While searching the inside of an automobile after a routine traffic stop, State Trooper Peter Cummings found twenty baggies of cocaine which, on analysis, weighed 130.06 grams and was 81 per cent pure. A passenger, the defendant Ruben Dario Torres, was convicted by a jury of trafficking in more than one hundred grams of cocaine (G. L. c. 94C, § 32E[¿][3]).1 The principal issue presented is whether the trooper conducted an illegal search when he dipped into a [7]*7plastic shopping bag in the automobile passenger area compartment. The defendant also claims that the evidence presented at trial was insufficient to establish his possession and control of the drugs found inside the motor vehicle, citing Commonwealth v. Brzezinski, 405 Mass. 401, 409 (1989). We need not reach that issue because we conclude that the motion to suppress should have been allowed, and we reverse the conviction.

These are the facts found by the judge of the Superior Court who heard and denied a motion to suppress the incriminating evidence.2 While on routine patrol on Route 3 in Bed-ford at about 10:15 a.m., Trooper Cummings clocked the car in question as moving over 70 miles per hour and signalled the driver to pull over. In response, the two-door Renault came to a stop in the breakdown lane of the highway. The trooper, who was in uniform and armed with a 9 millimeter Sig Sauer handgun, approached the Renault from the passenger side. Looking through the passenger’s side window, he saw the defendant conversing with the driver with his back toward the trooper. About twenty seconds elapsed and the trooper knocked on the window. In response, the defendant opened the door and started to get out. His suspicions aroused by the delayed response, and the defendant’s attempt to get out of the car, the trooper ushered the defendant to the rear of the car to separate him from the driver.

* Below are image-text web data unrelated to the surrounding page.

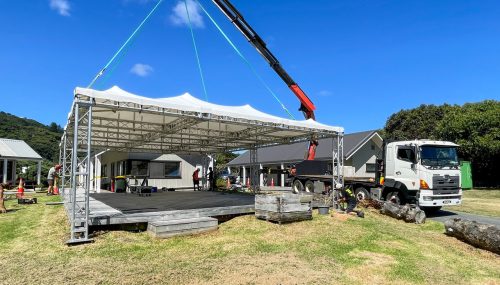 Event Base Raises the Roof at Muriwai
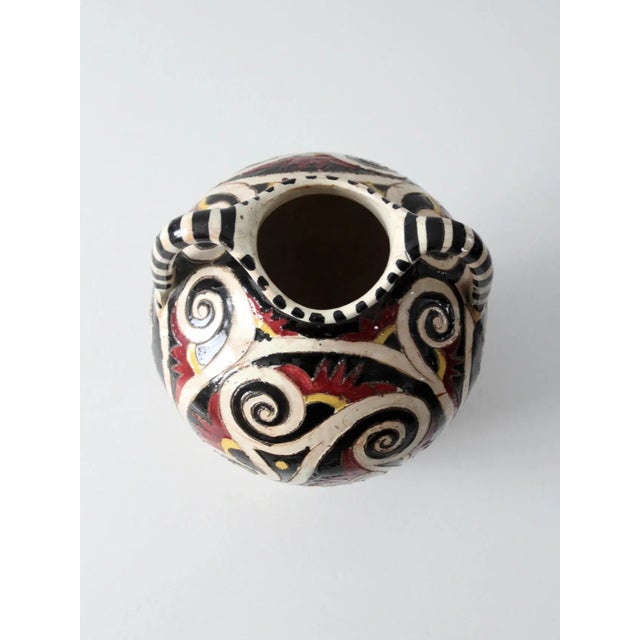Vintage Italian Ceramic Vase For Sale - Image 9 of 11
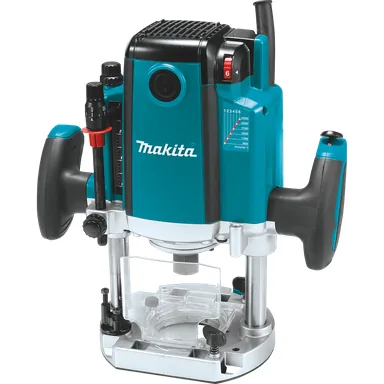 Makita RP2301FC, standalone tool: Makita RP2301FC Corded 3-1/4 HP* Plunge Router, with Variable Speed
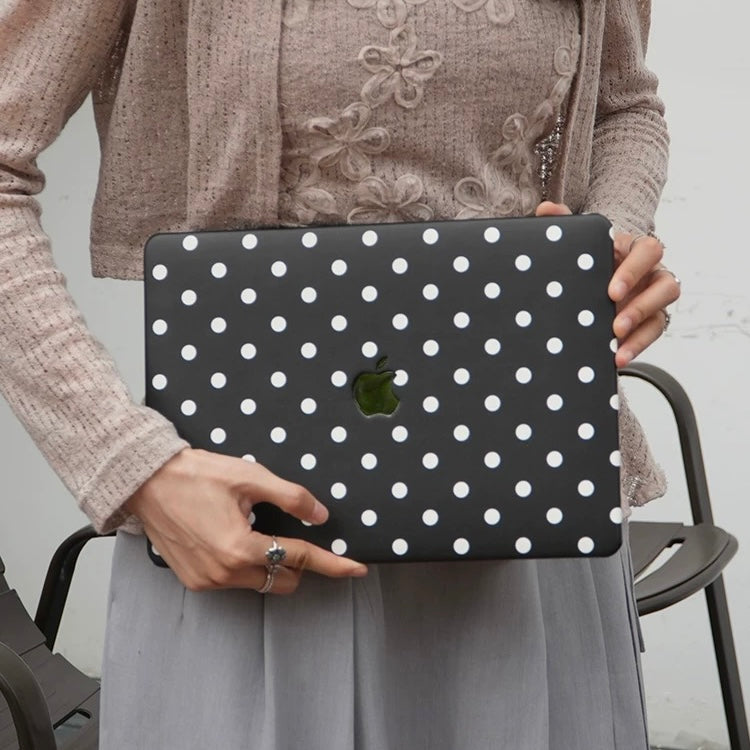 monotone dot MacBook Case (2colors)
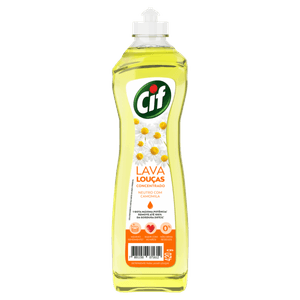 Lava-Louças Líquido Concentrado Neutro com Camomila Cif Squeeze 420ml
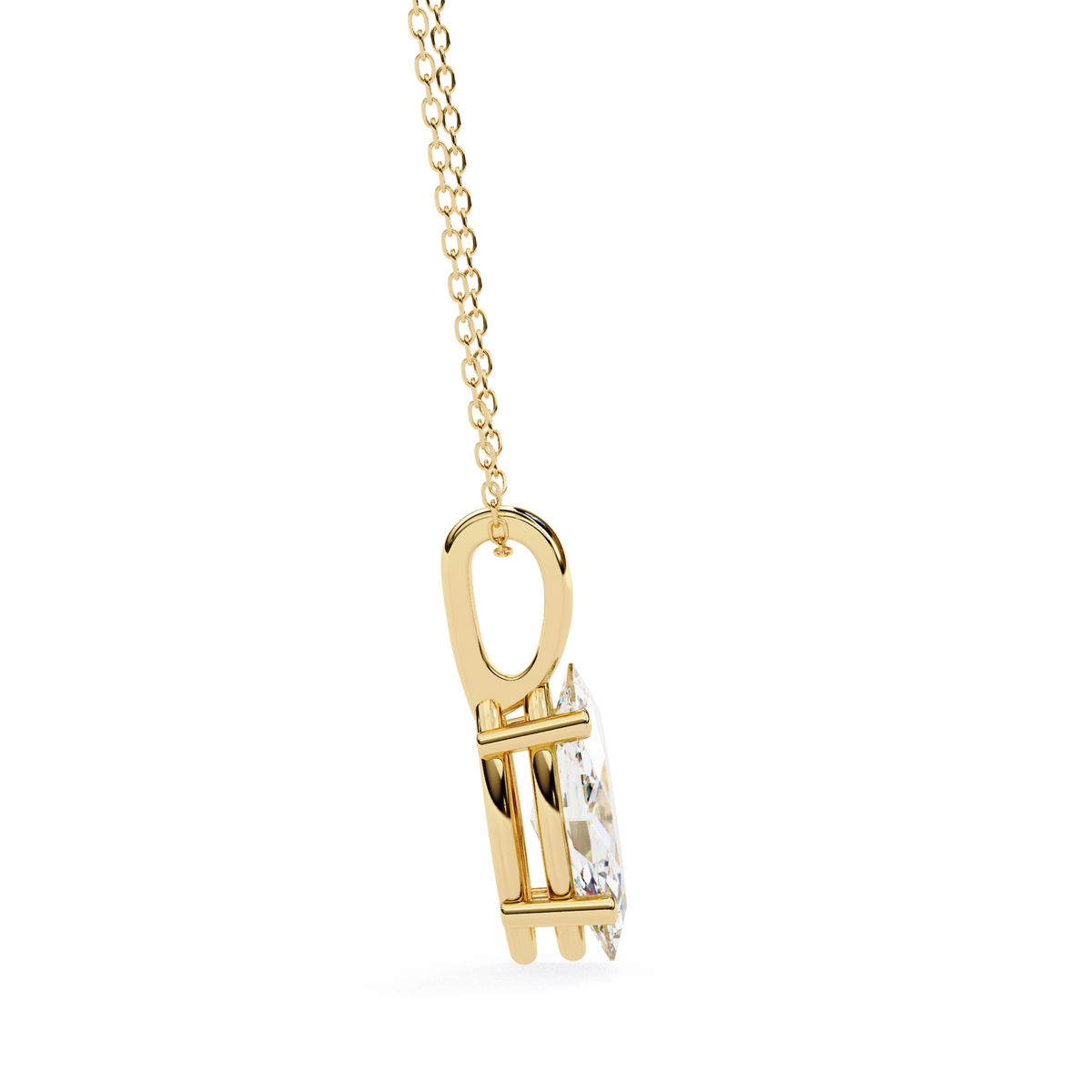 Reverra 14K Diamond Solitaire Pendant Necklace, CTTW-0.93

Trooper Cummings then returned to the passenger side of the car and asked the driver for his license and registration. The driver looked for the registration, opening and closing the glove compartment quickly. He produced the necessary papers. To the trooper, the driver seemed nervous. In response to questions, he stated that his passenger’s name was Ruben Torres, that he (the driver) was coming from the Burlington Mall where he was shopping for a radio, and that he was born in Medellin, Colombia. Glancing at the driver’s license, the trooper noticed that it bore an address in Lowell known to him as a neighborhood associated with drug activity. From his training and experience, the trooper testified that he was aware that Medellin “is a principal source of cocaine distributed to the United States.”

[8]*8Once the trooper determined that the driver’s Massachusetts operator’s license and motor vehicle registration were valid and had not expired, he returned to the defendant who remained, as directed, at the rear of the vehicle. After engaging the defendant in a series of questions regarding his recent whereabouts, the trooper asked the defendant for identification. Next, as the motion judge found, the trooper illegally searched the defendant’s wallet and seized what he believed to be notes of drug transactions, directions from Lowell to New York City, and a money wire receipt from Lowell to Medellin, Colombia.

Near the end of his conversation with the defendant and after seizing his wallet, the trooper, who could still see the driver through the rear window of the car, noticed the driver move his right hand near his jacket pocket. Again, the trooper approached the driver, who remained inside the car. The trooper then patted the side of the driver’s jacket, felt a hard object, and recovered a telephone pager. After a brief discussion, the trooper twice asked the driver whether there were drugs in the car. The driver responded “No, there’s no drugs. Search.”

The trooper discovered a plastic shopping bag hidden behind a hinged panel attached to the rear passenger side. The plastic bag contained a number of small baggies with a white powder in them. Believing the powder to be cocaine, he placed both the defendant and the driver under arrest, and both were informed of their Miranda rights. Later testing established that the white powder was cocaine.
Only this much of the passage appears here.